Ahşap sağlıktır.

Tekirdağ – Saray

Osmanlı’dan Önce :
Saray’ın eski bir yerleşme merkezi olduğu, Güneşkaya (Güneşli) mevkiindeki tarihi kalıntılardan anlaşılmaktadır. Saray ilçesi sınırları içindeki Güneşkaya ve ve Güngörmez mağaralarında Kalkolitik Çağ (M.Ö. 5000-3000) buluntularına rastlanmıştır. Bu mağaralarda kazı yapılması halinde Paleolitik (Eski Taş Devri) çağına ait buluntulara rastlanması olasıdır. Bu yönüyle Saray’ın Tekirdağ ilindeki en eski yerleşim bölgelerinden birisi olduğu anlaşılmaktadır.
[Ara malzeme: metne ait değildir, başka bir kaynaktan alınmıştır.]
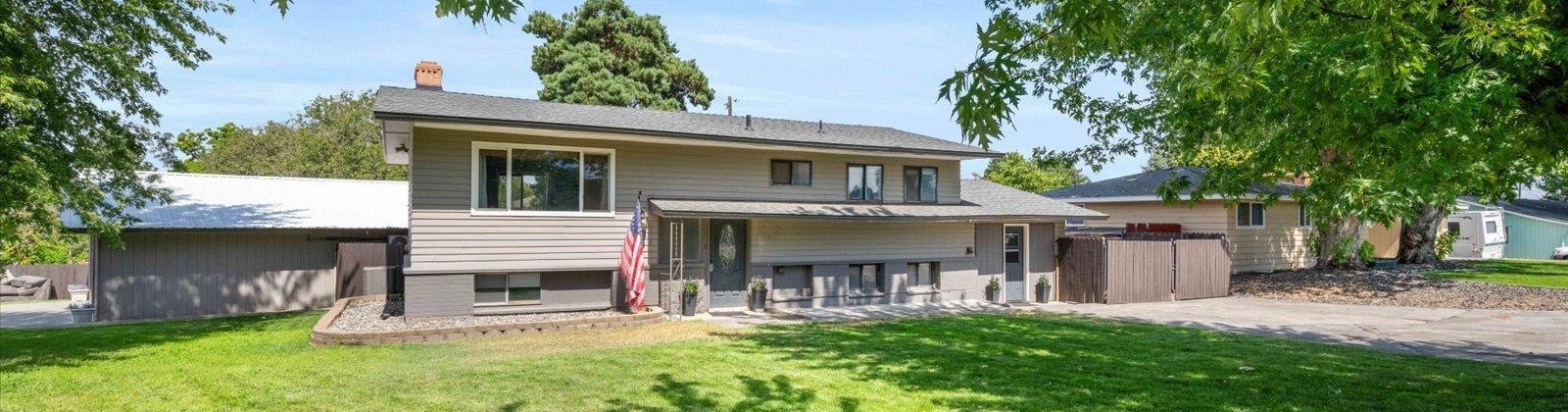 12th Ave, Kennewick, Washington 99337, 4 Bedrooms Bedrooms, 0 ,2 BathroomsBathrooms,Houses,For Sale,12th Ave,0,286391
Saray’ın tarihi, Trakya tarihinin ayrılmaz bir parçasıdır. Trakya’nın tarihine baktığımızda, bölgede yerleşik ilk kavim olarak Trakların yaşadığı bilinmektedir. Traklar, Hint – Avrupa kökenli bir kavimdir. M.Ö. 4000 – 2000 yılları arasında Anadolu’dan gelen Traklar tas ve maden kültürünü Trakya’ya getirmişlerdir. İlk dönemlerinde ilkel kabileler topluluğu olarak görülen Traklar, zamanla kaynaşarak güçlü topluluklar oluşturmuşlar ve kendi kültürlerini oluşturmuşlardır. Yunanlıların Ege, Marmara ve Karadeniz’de egemenlik kurmak istemeleri ve kıyılara çıkmaları, Traklar da ‘Yurt’ kavramı oluşmasını sağlamış bunun sonucunda Yunanlı kolonilerle şiddetli çatışmalara girmişlerdir.
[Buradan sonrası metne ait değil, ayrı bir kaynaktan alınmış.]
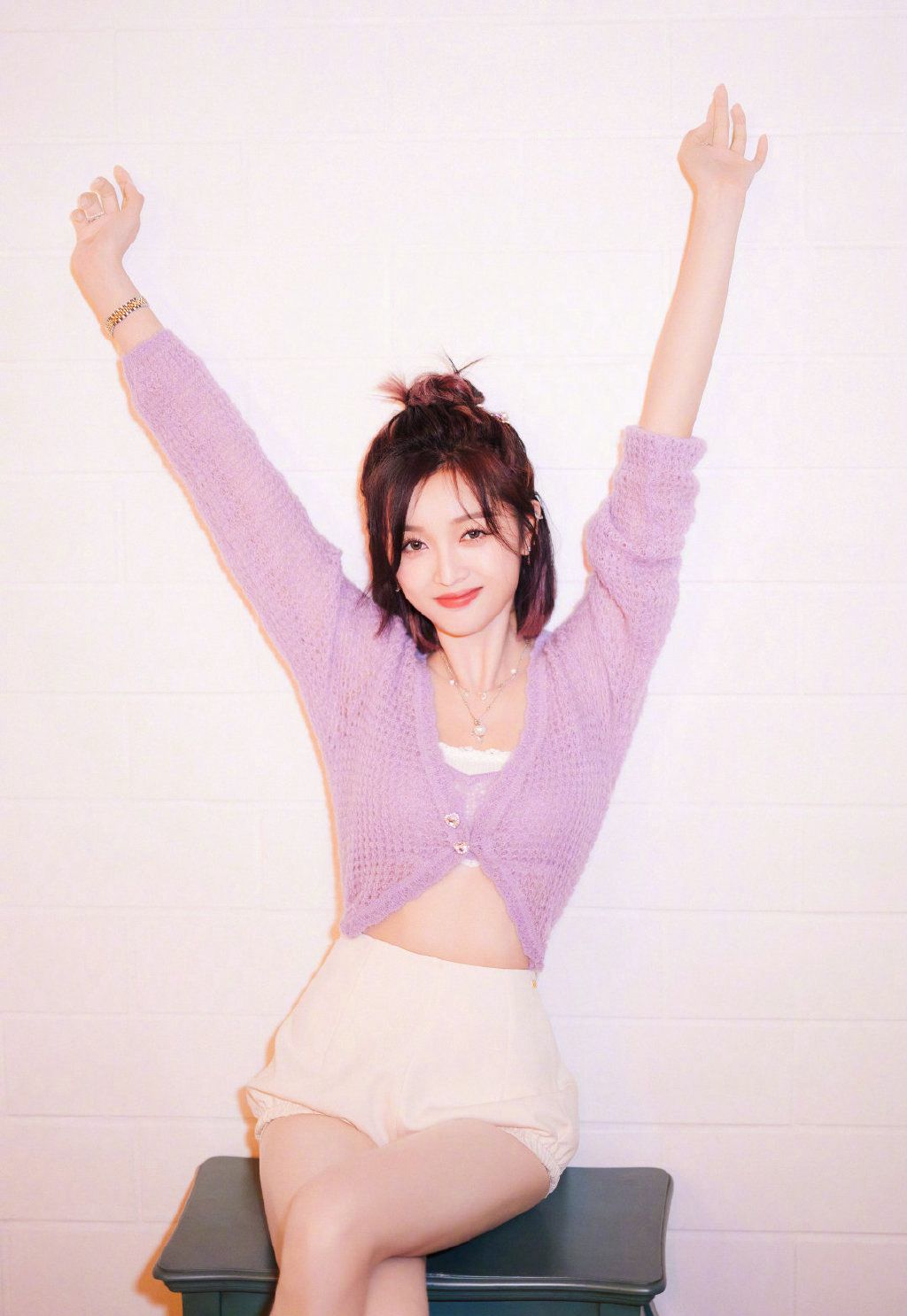 吴宣仪紫色针织开衫搭配白色短裤甜美率真写真图片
M.Ö. 514-513 yıllarında Pers Kralı Dareus’un İskit seferinden sonra Trakya Pers egemenliğine girmiştir. Bu egemenlik M.Ö. 478-477’de Atina’nın Pers tehlikesine karşı kurduğu Attika-Delos deniz birliğinin Persler’i Trakya’dan temizlemesine kadar devam etmiştir. M.Ö. 342 yılında Makedonya Kralı II. Philip Trakya’yı topraklarına katarak Odryus krallığını kendisine bağlamış, İskender’in ölümünden sonra Trakya Lysimakhos’un egemenliğine girmiştir. M.S. 19. da Roma İmparatoru Tiberius’un Trakya’ya bir vali göndermesiyle başlayan gelişmeler, M.S. 46 yılında İmparator Claudius’un Trakya’da Roma eyaletini kurmasıyla sonuçlanmış ve Trakya uzun yıllar Roma hâkimiyetinde kalmıştır.
Saray İlçesi’nin bugünkü yerleşim biriminin Bizans döneminde kurulduğu düşünülmektedir. İlçe, Bizans döneminde küçük bir yerleşme birimiydi.
M.Ö. 525 tarihinde Pers Hükümdarlarından Keyhüsrev’in oğlu Keykavus (Kambiz), Ordusunu Bakak Soyhan komutasında Trakya’ya göndermiştir. Bakak Soyhan, ordusu ile Saray civarındaki Bahçeköy’e yerleşmiştir. Köy yakınında Sunolar isimli bir kasaba inşa ettirmiştir. Rivayete göre oğlu Mirza Demirhan için Istranca eteklerinde bir saray yaptırmıştır. İlçemizin adının da bu saraydan geldiği sanılmaktadır.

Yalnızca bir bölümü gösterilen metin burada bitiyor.